In real-time, cognitive computing can analyze emerging patterns, identify opportunities, and handle critical process-centric issues. Cognitive computing systems can investigate huge amounts of data to simplify processes, reduce risks, and pivot as the situation changes. This helps you build lean business processes while preparing you to respond appropriately to uncontrollable factors.

Improve customer interaction

With Robotic Process Automation (RPA), you can enhance your interaction with your customers. The robot can provide context-sensitive information to customers without interacting with other staff. Cognitive computing enables customers only to provide relevant, contextual, and valuable information, thereby improving customer experience, satisfying customers, and getting more involved in their business.

Conclusion

As part of the digital evolution cycle, the adoption of cognitive technology begins by identifying manual processes that can be automated through technology. Many companies are already breaking new ground in cognitive technology and bringing excitement to truly digital organizations worldwide.

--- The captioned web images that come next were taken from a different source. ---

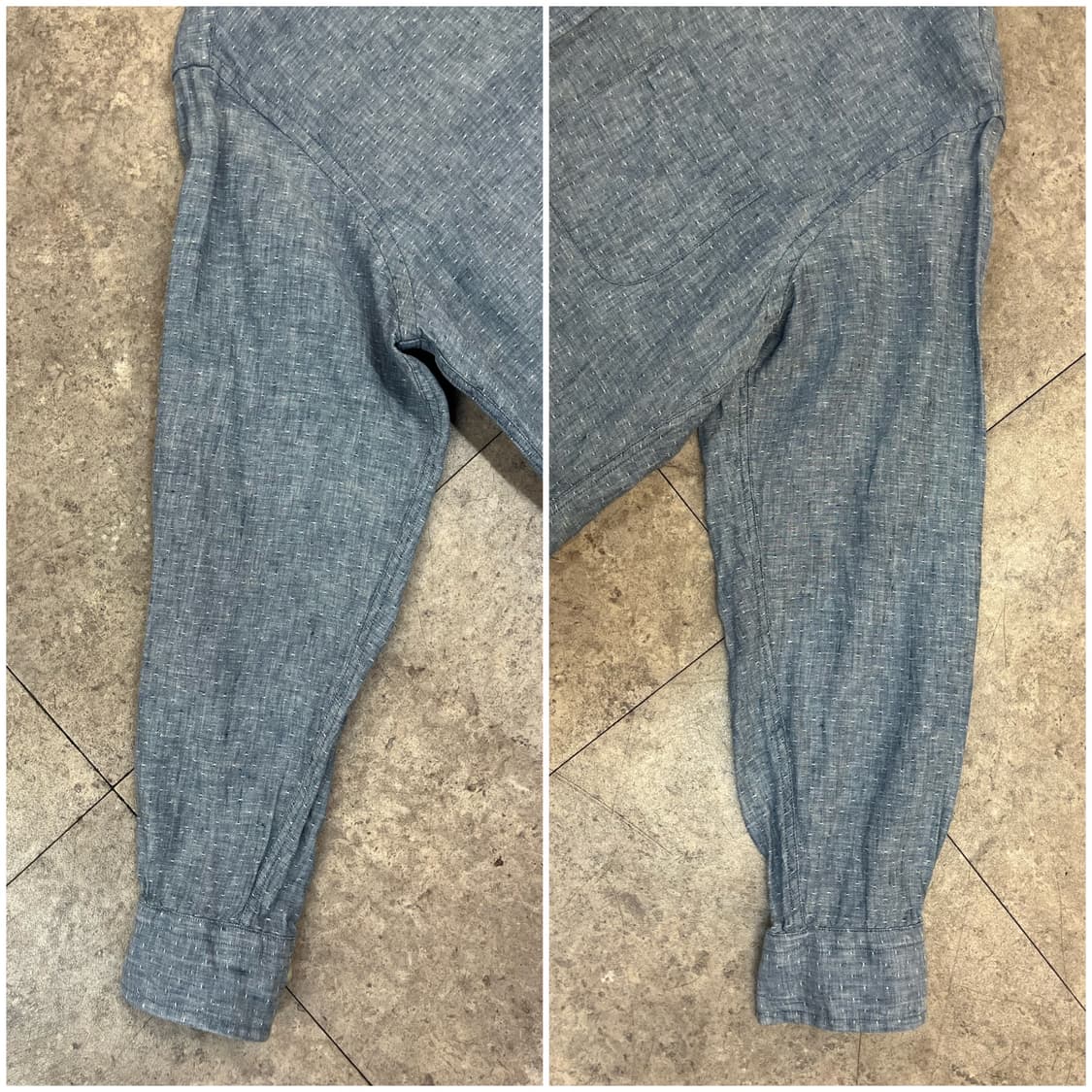 브룩스 브라더스 포켓 셔츠 라이트블루 M #csz4007 상품이미지6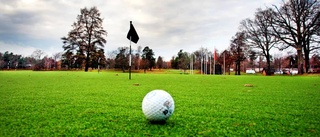 Golfklubb utsatt för flera brott – 17 klubbor borta • Bollmaskin och blomkrukor sönderslagna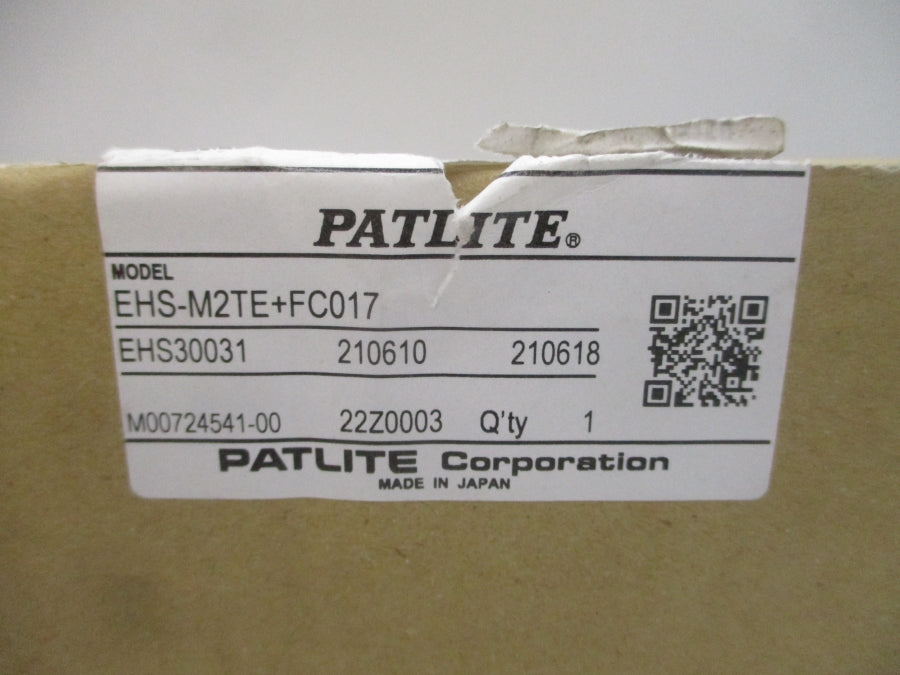 PATLITE EHS-M2TE+FC017 100-240VAC 140A NSMP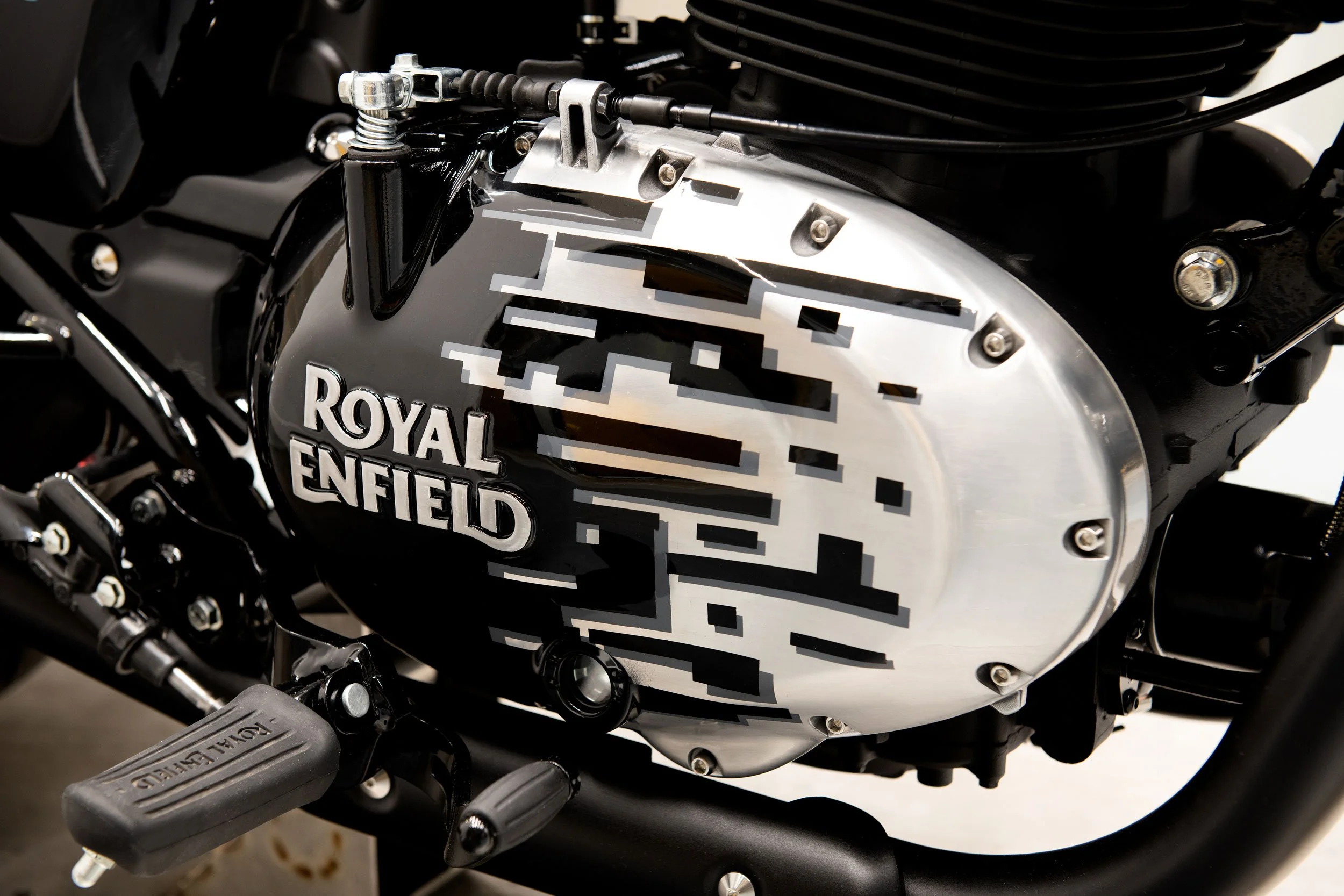 ROYAL ENFIELD SG 650 TWIN - PROTOTYPE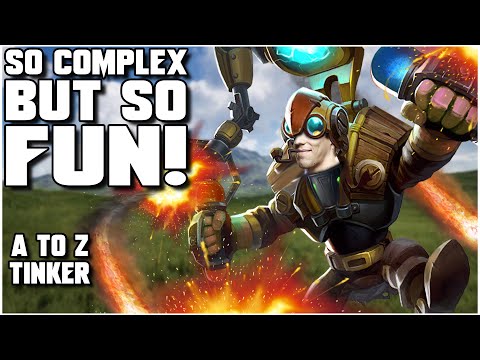 TINKER Is So Complex BUT SO MUCH FUN! - Dota 2 A to Z - Grubby
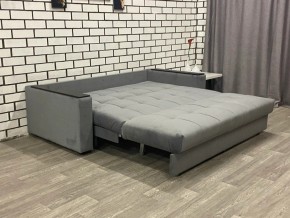 Диван Аккордеон 1280*2000 НПБ подлокотник ПРЯМОЙ накладки МДФ в Троицке - troick.mebel24.online | фото 2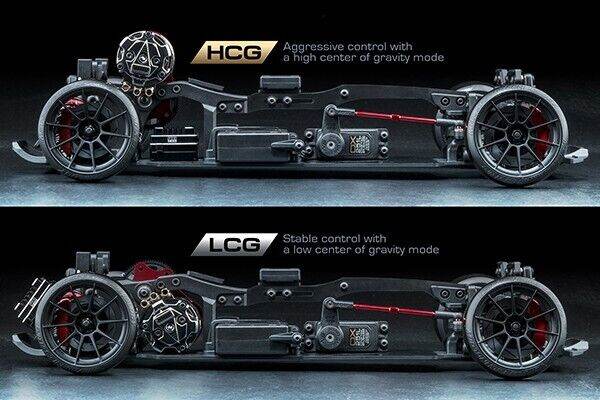 MST RMX EX PRO RC Drift Chassis 532213 - 1/10 RWD Assembly Kit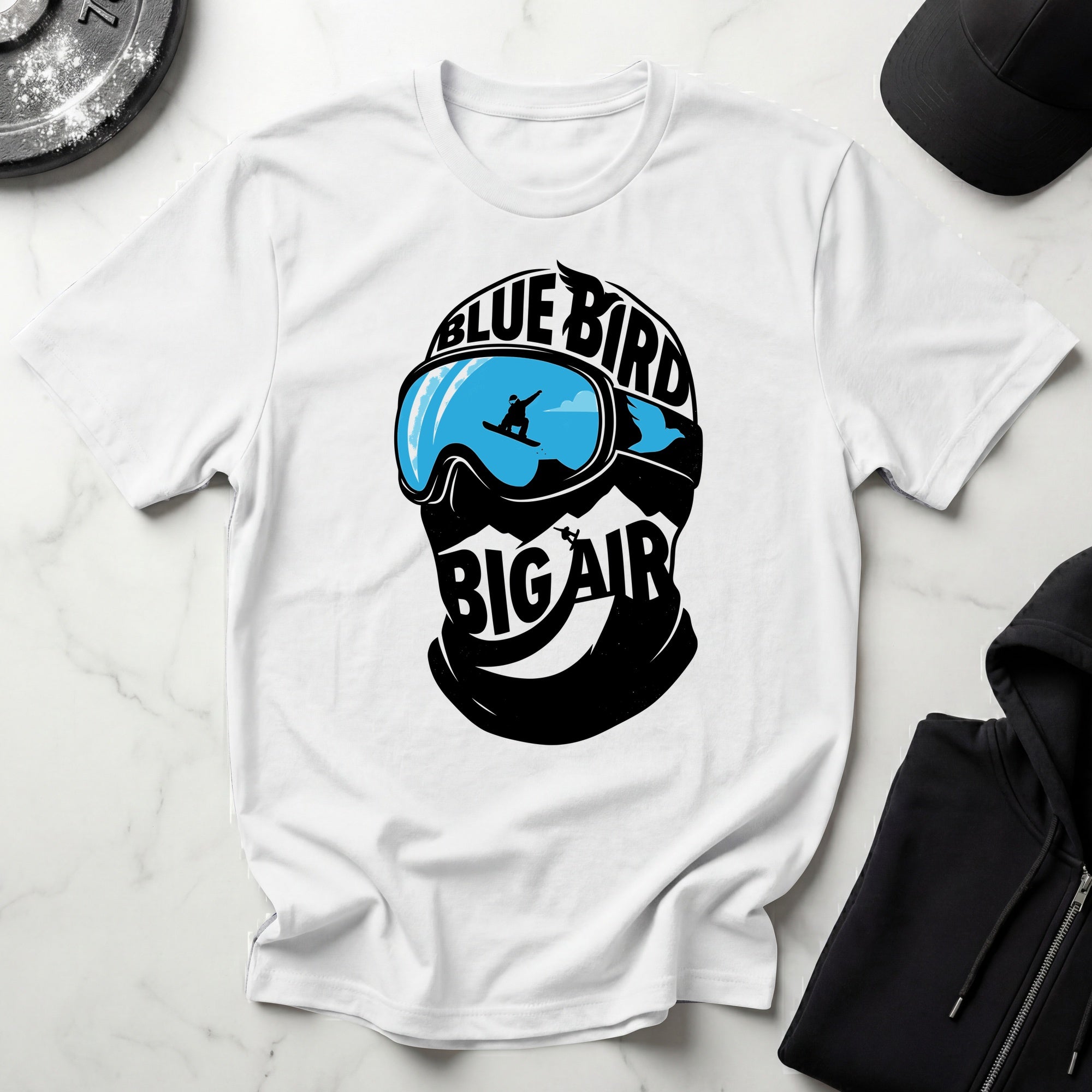 Bluebird Big Air Snowboarding T-Shirt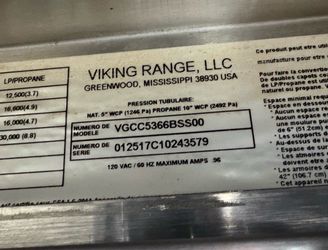 🔥 VIKING PROFESSIONAL 36” GAS RANGE – STAINLESS STEEL 🔥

Over time, more data can be analyzed, insights into past events can be gained, and processes for the present and future can be improved. Cognitive technology is useful for past analysis and enables predictive analysis to predict future events better.

This robust and agile technology is immeasurable in the future potential and path in both the B2B and B2C segments. In the future, it is thought that such technologies will enable people to become more efficient than before, to be entrusted with common analysis, and to focus on creative work.